Why Nigeria’s Akara Debate Was Never About Akara

akara

By now, poor akara deserves an official apology from many Nigerians, as in less than a week, the humble bean cake has travelled farther in Nigeria’s political conversation than many government policies.

It has become so politically important that one would think President Bola Tinubu’s next cabinet reshuffle would create a Ministry of Akara Affairs.

The jokes have been endless, with someone even asking whether universities should begin to offer Bachelor’s degrees in Roasted Corn Management, another wondering whether ‘Renewed Hope’ had quietly become ‘Renewed Hawking’, just as another joked that Nigeria’s next industrial revolution would begin with kuli-kuli.

But behind the laughter lies the widening gap between the government’s messaging and how millions of Nigerians experience the economy.

The first lady, Oluremi Tinubu, was speaking about government grants for women and encouraging micro-enterprises, using businesses such as selling akara, roasted corn and kuli-kuli as examples of ventures that require relatively little start-up capital.
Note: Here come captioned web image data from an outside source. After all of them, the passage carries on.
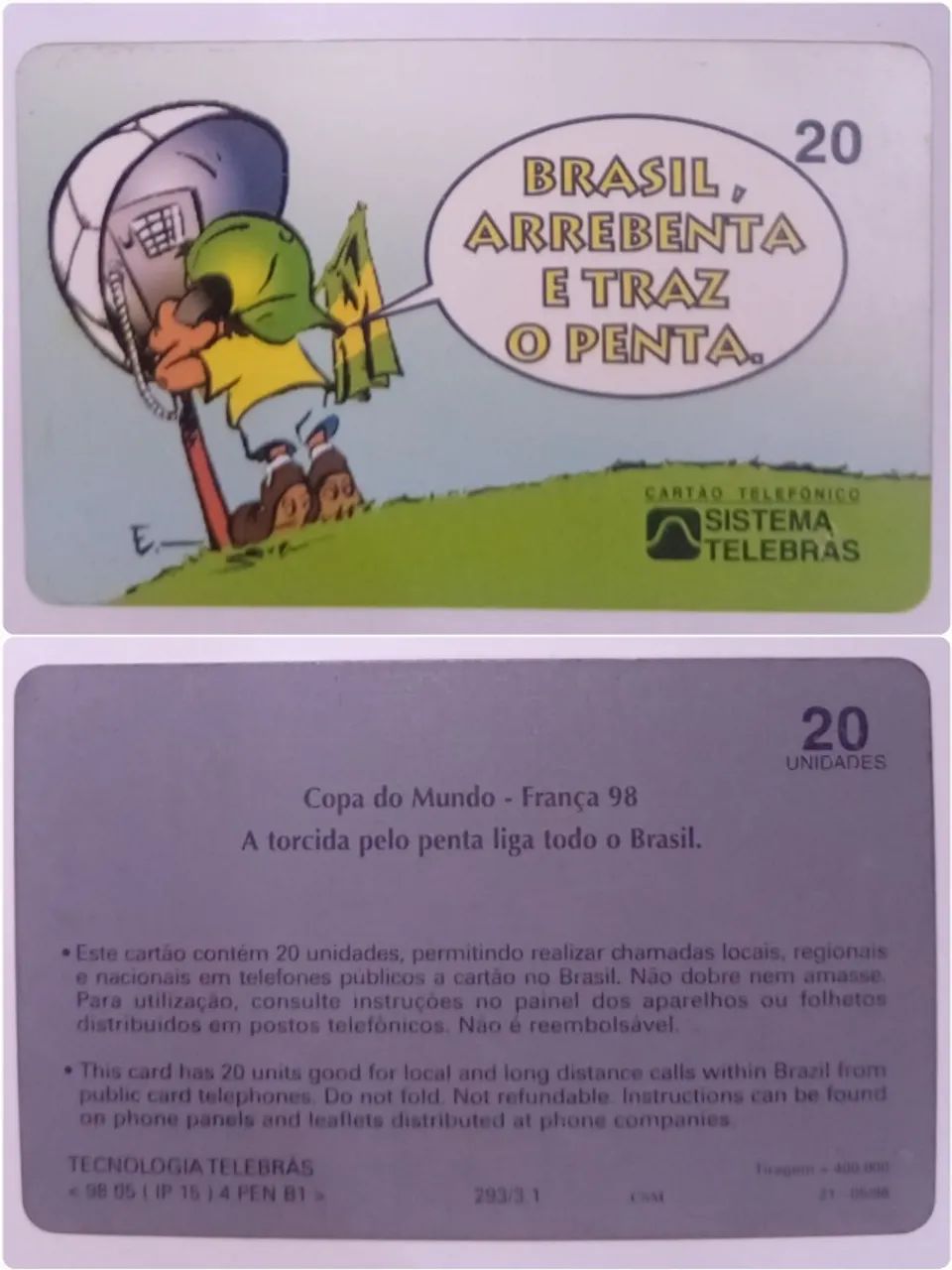 Cartão Telefônico Copa 1998 - Foto 2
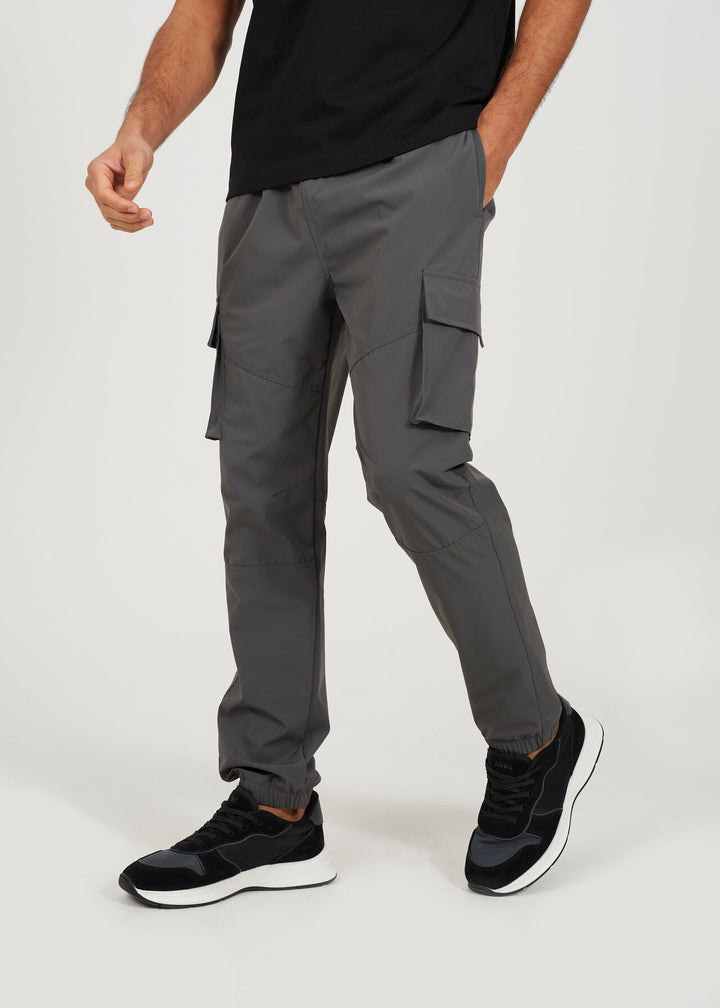 SLIM FIT CARGO TROUSERS, DARK GREY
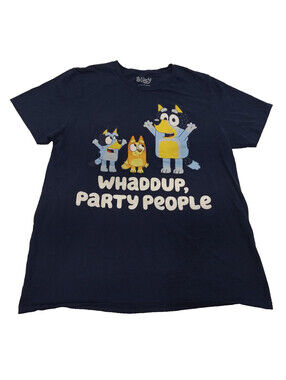 Bluey Graphic Tee Women's Medium M Bluey Bingo Bandit Whaddup Party People Shirt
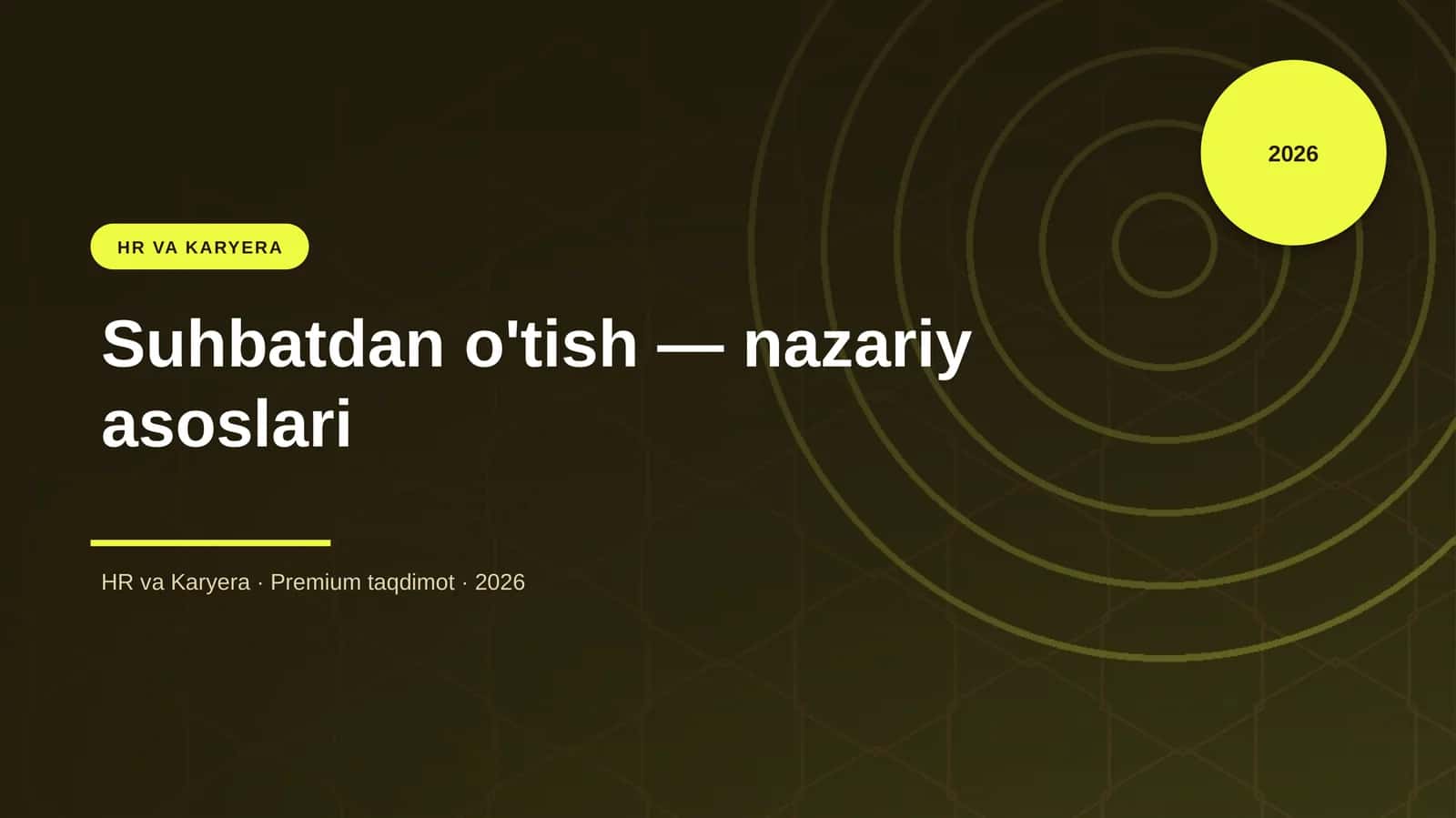 Suhbatdan o'tish — nazariy asoslari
Her central message appeared to be that no honest business is too small and that the government is supporting such entrepreneurs through grants rather than loans.

In itself, that is a reasonable point because many successful businesses started as small ventures, and every legitimate means of earning a living deserves respect.
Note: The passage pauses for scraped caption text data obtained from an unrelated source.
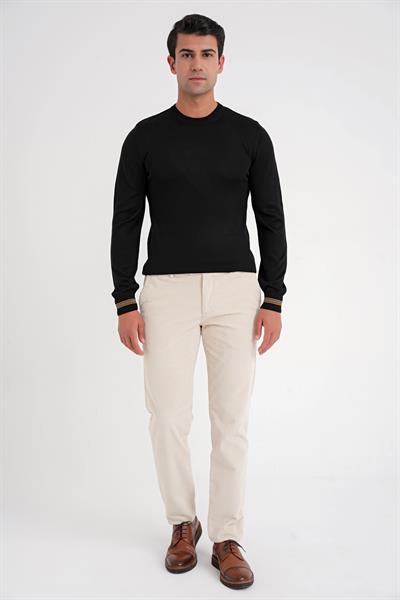 Slim Fit Desenli Ribanalı Siyah Yünlü Bisiklet Yaka Triko Kazak TR 894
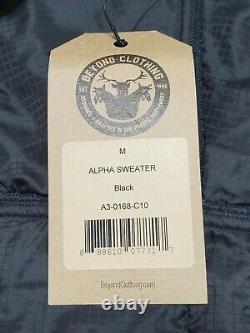 Beyond Clothing A3 Alpha Sweater Black Light Weight Full Zip Jacket size Medium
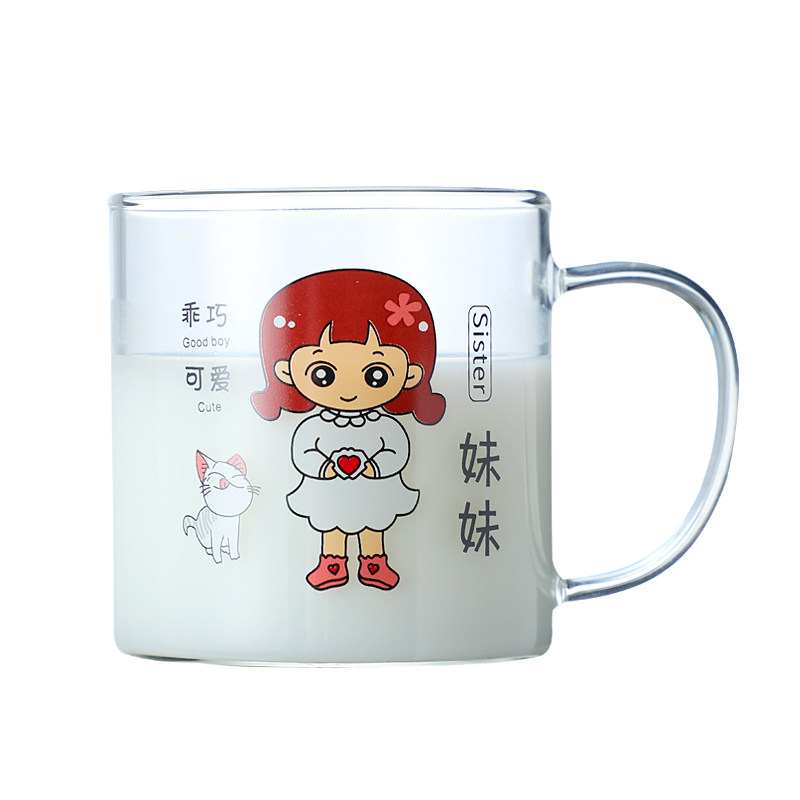 玻璃水杯亲子杯加厚耐高温杯子创意一家四口专用喝水早餐杯牛奶杯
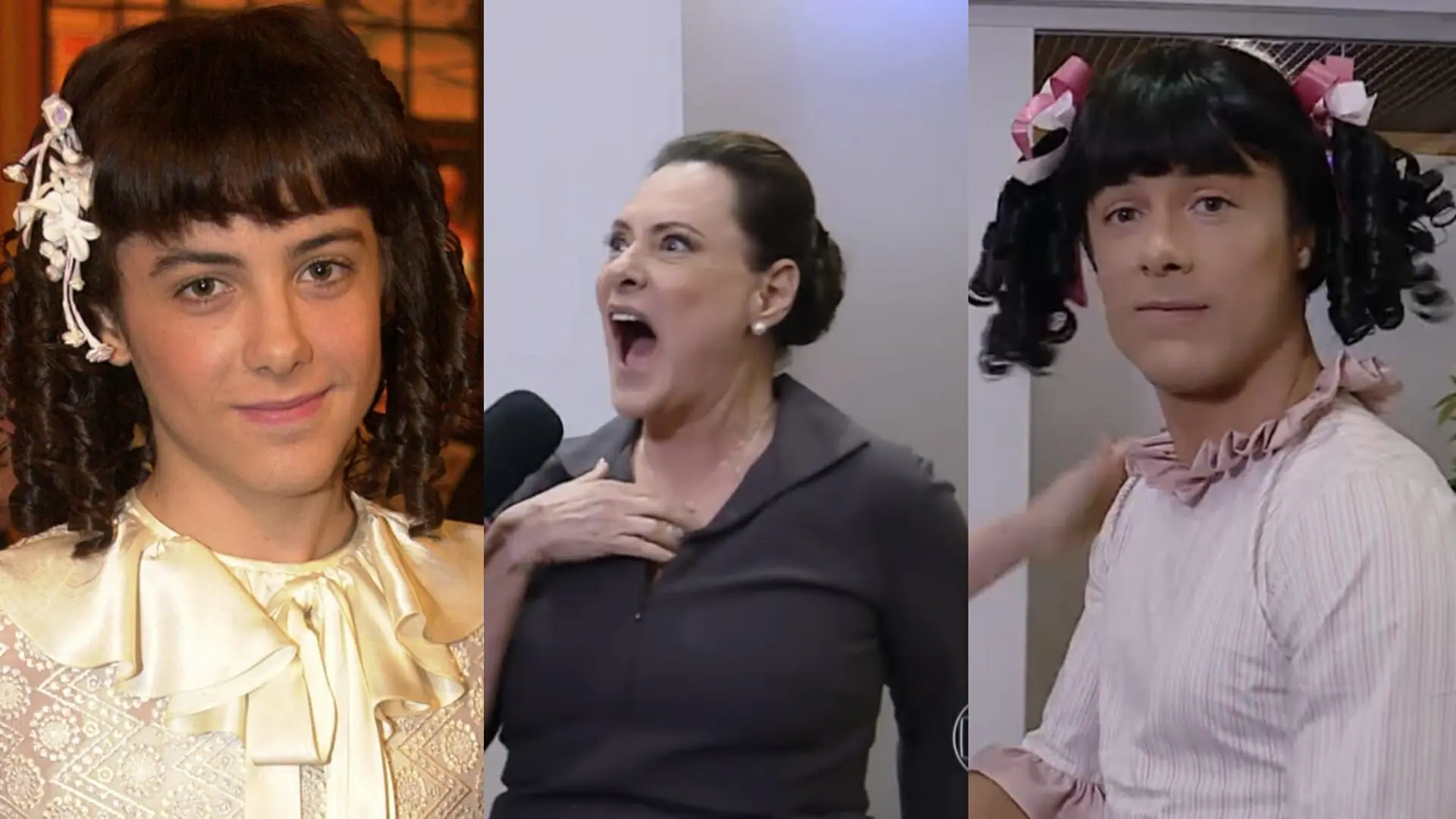 Kayky Brito como Bernadete de Chocolate com Pimenta e Elizabeth Savala
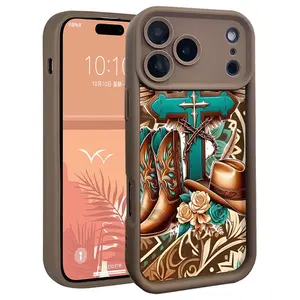 Cross Cowgirl Boots Hat Pattern Case for iPhone 16 17 15 14 Pro Max 13 12 11 Air Plus Shockproof Drop Protection Rugged Durable Silicone Cover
In fact, it is difficult to build any thriving economy without thousands of micro-enterprises, as across developing economies, informal businesses provide employment, absorb economic shocks, and often grow into sustainable enterprises. Every economist understands this.

Ironically, many Nigerians who mocked the remarks would probably agree with that principle if it were presented in a business seminar. So why did the conversation explode?
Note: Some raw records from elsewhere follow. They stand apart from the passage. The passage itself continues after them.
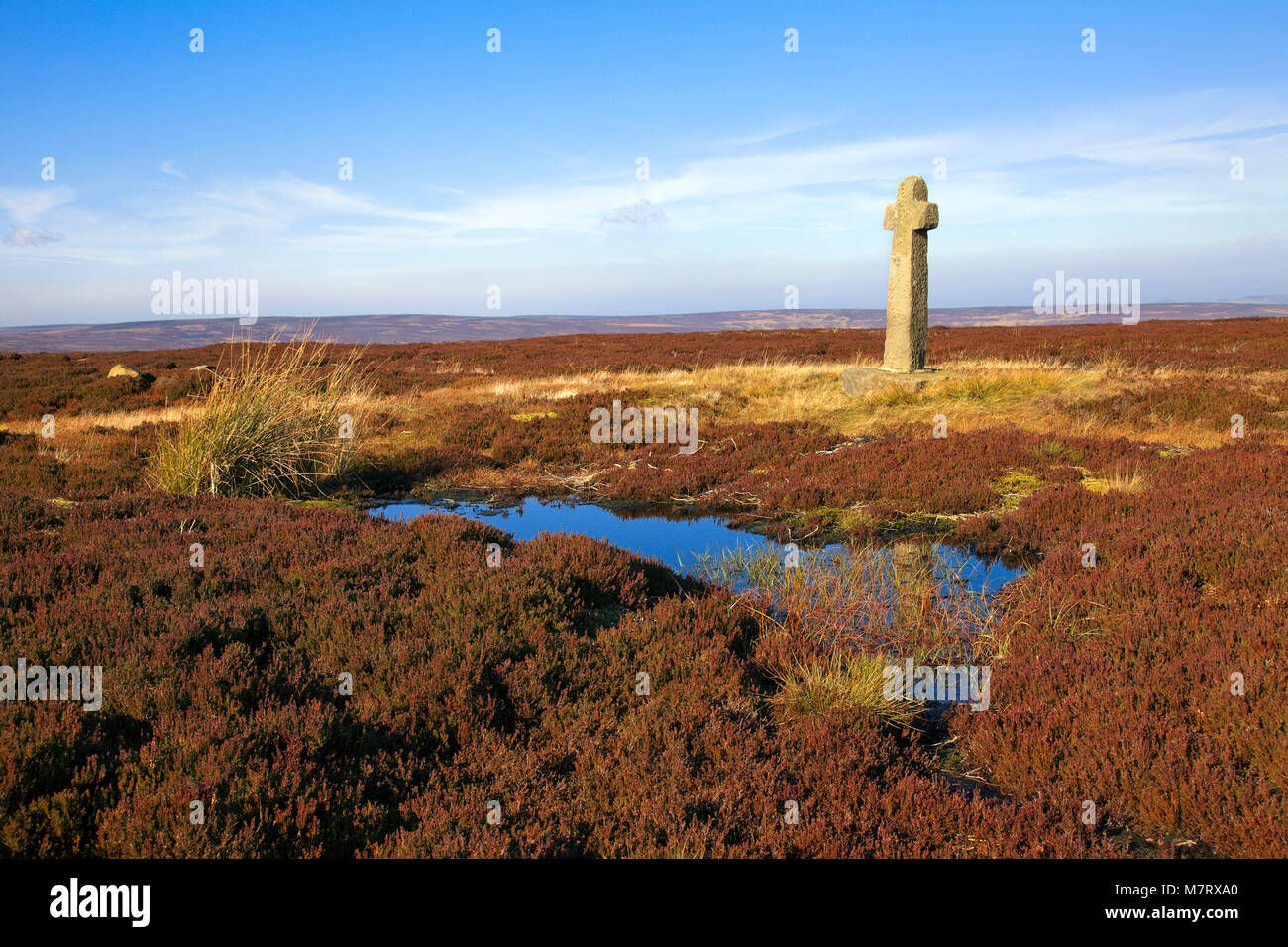 Old Ralph Cross in autumn North York Moors North Yorkshire Stock Photo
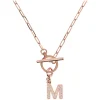 Bronzallure Mini Paper Link With Latter M Pave And T-Bar Necklace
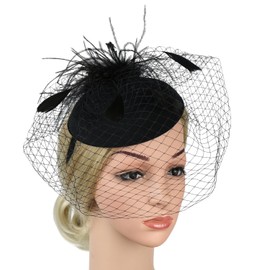 KalluliCC Fascinators Hat for Women Tea Party,Barepink Women's Headband Kentucky Derby Cocktail, Wedding, Fancy Dress Party with Mesh Ribbons Feathers Headbands for Girls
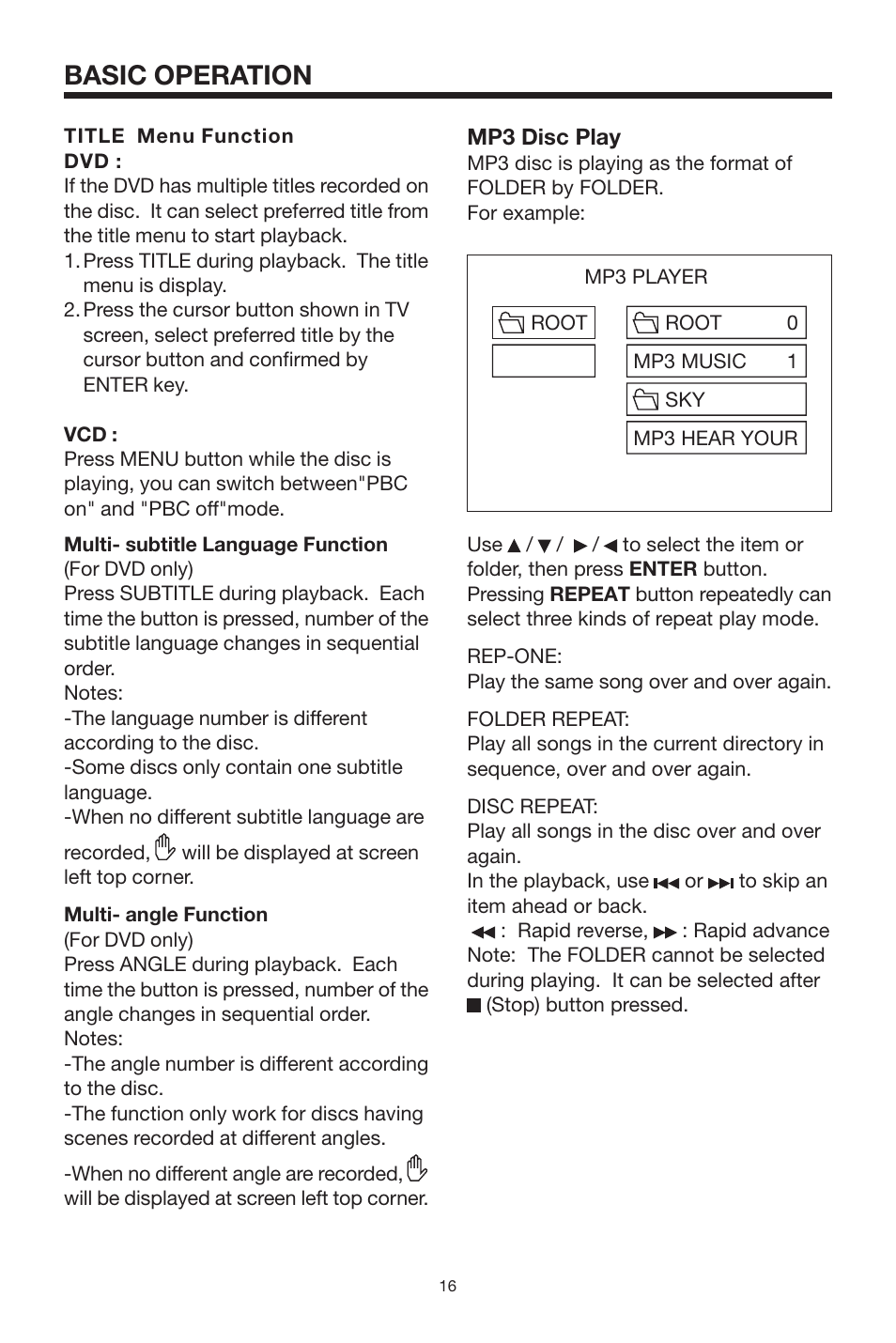 Basic operation | PYLE Audio PLDVD168 User Manual | Page 16 / 24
I think it exploded because Nigerians were responding to the context rather than the message itself. In politics, context is everything, and leadership communication does not exist in a vacuum because citizens interpret it through the realities they confront every day.

This explains why so many Nigerians appeared to miss what the first lady was trying to say. Or perhaps more accurately, they heard something different because their daily realities have become louder than official explanations.

Citizens who trust their government are more likely to give its statements the benefit of the doubt, but where trust has been eroded by hardship and unmet expectations, even well-intentioned remarks can provoke outrage rather than understanding, as the reaction to the first lady’s comments showed.

If unemployment were declining, purchasing power improving and household incomes recovering, many Nigerians might have applauded the first lady’s encouragement of entrepreneurship.

Instead, they saw another reminder of shrinking economic aspirations, and that distinction should deeply concern the presidency because the backlash says less about akara than it says about public confidence.

Governments often make the costly mistake of dismissing criticism as opposition when it is, in fact, one of the clearest forms of public feedback. Rather than dismissing those reactions, the President Tinubu administration should study them carefully.

Those who listen have the opportunity to rebuild trust before the next issue, whether it is akara, roasted corn or something else entirely, becomes yet another referendum on the state of the nation.